Films

For Your Consideration

UK release date: 9 February 2007


cast list

Ricky Gervais
Christopher Guest
Michael McKean
Catherine O’Hara
Parker Posey
Harry Shearer

directed by
Christopher Guest
This is a sharp but touching examination of the reaction of the cast and crew of an unremarkable film when rumours start circulating that the lead actors might be up for Oscar nominations. Directed by Christopher Guest, best known for This Is Spinal Tap and Best in Show, it fails to break new ground; but when something is this funny, why mess with a winning formula?

Conisseurs of Christopher Guest’s films will love For Your Consideration. It has Best In Show‘s outrageously zany characters, coupled with A Mighty Wind‘s quiet humanity. Featuring a film within a film, and many clips from parody TV shows, it allows his extensive cast of regulars to show off as much as they like, creating beautifully wrought comic characters full of twitches and vocal mannerisms. They are clearly loving every minute of it.

The plot concerns the lead players in a truly awful film, “Home For Purim”, funded by a British money man played by Ricky Gervais, whose charmless attempt to be cool makes your buttocks clench. Written by two pompous stage dramatists who think it’s deep and meaningful, and produced by another of Jennifer Coolidge’s brainless botoxed blondes, it’s a Jewish family drama set in the 1940s deep south.

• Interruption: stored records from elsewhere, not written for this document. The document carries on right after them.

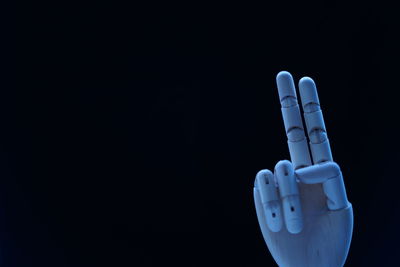 Close-up of artificial hand against black background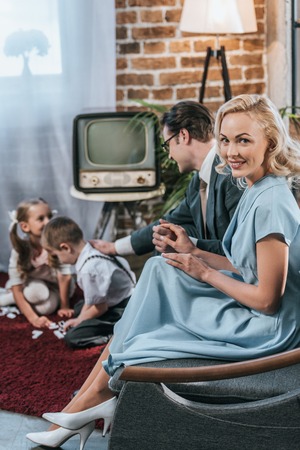 happy 50s style woman smiling at camera while sitting on sofa with husband and kids playing with...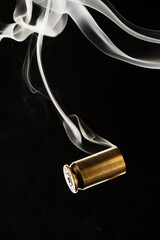 Cartridge cases with smoke falling on black background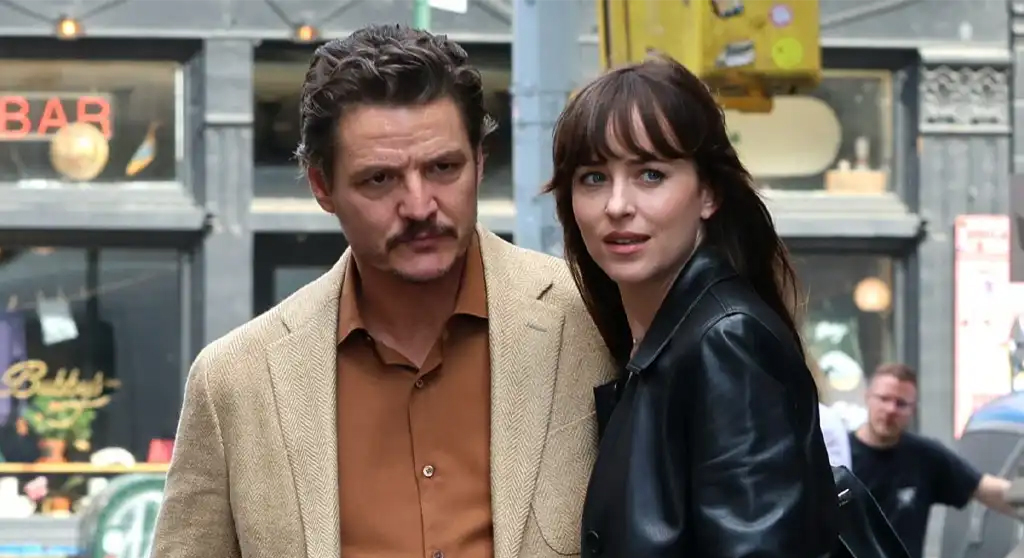Harry and Lucy walking through the city street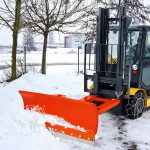 lame de déneigement professionnelle en action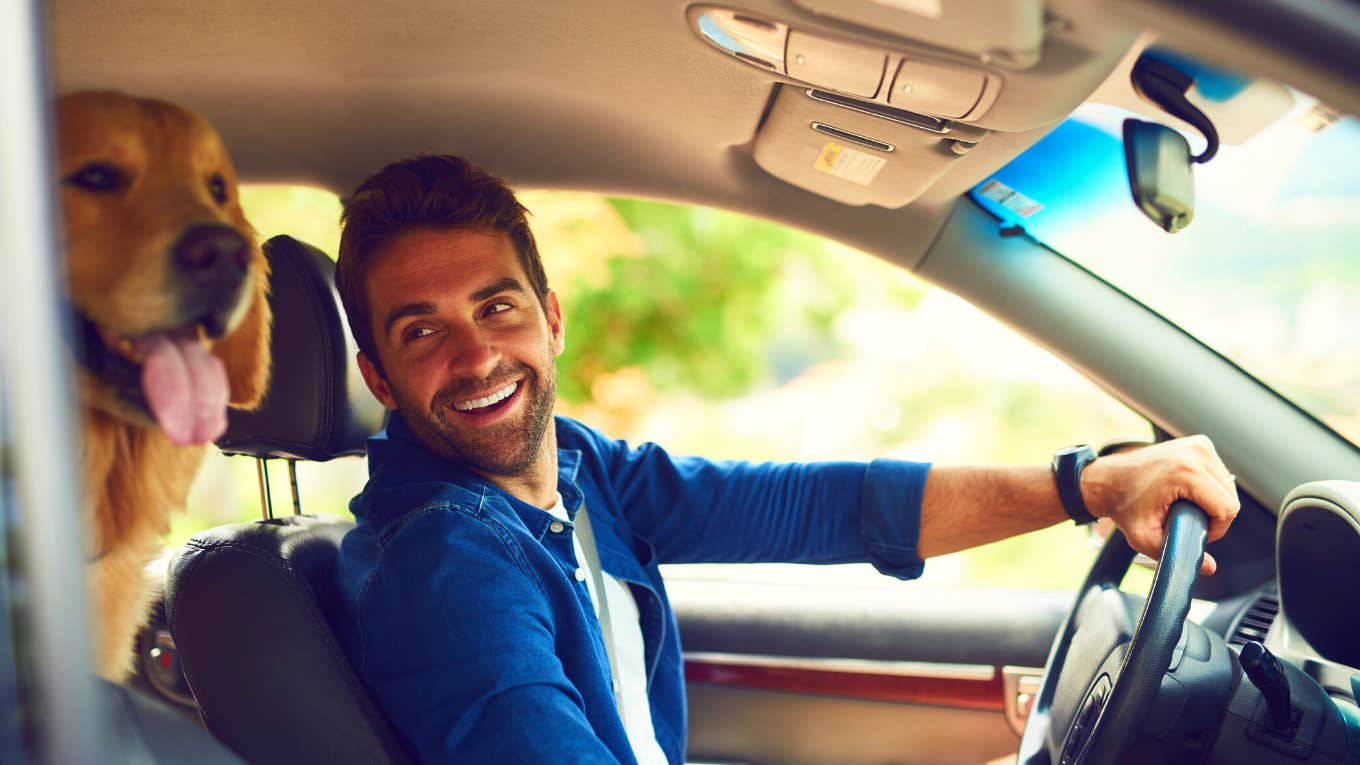 smiling man driving in his car with his dog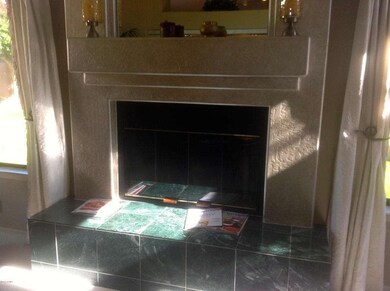 Granite Tiled Fireplace in Family Room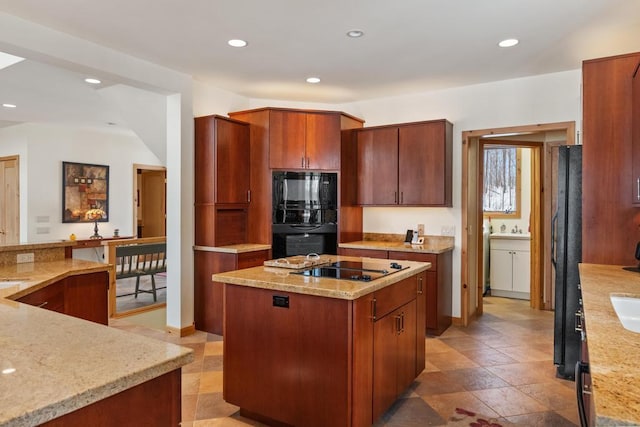 kitchen featuring light stone counters, recessed lighting, a sink, a center island, and black appliances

Parker Posey gives a perfect, nervous performance as the failed standup comedienne who’s turned to acting and been cast as the daughter returning to her dying mother’s bedside, determined to finally come out of the closet. The actress playing the mother (Catherine O’Hara) hears a rumour that a website has mentioned she is worthy of an Oscar nomination. Obviously, she tells everyone, it’s of no importance, it’s all about her art, yet is desperately hopeful for some recognition.

Within a couple of days, thanks to a cluster of publicists and Hollywood’s self-serving gossip mill, three of the film’s four stars are being touted as Oscar hopefuls. As the clock ticks towards nomination day, this leads to a slew of increasingly humiliating appearances on talk shows, shock jock radio and kids TV (Harry Shearer’s ageing thesp trying to ‘get down with da kidz’ is particularly cringe-worthy). Yet the film never loses sight of the fact that these are people who’ve struggled to get anywhere who’re suddenly overwhelmed to be given some attention, and who are likely to get damaged by all the fuss.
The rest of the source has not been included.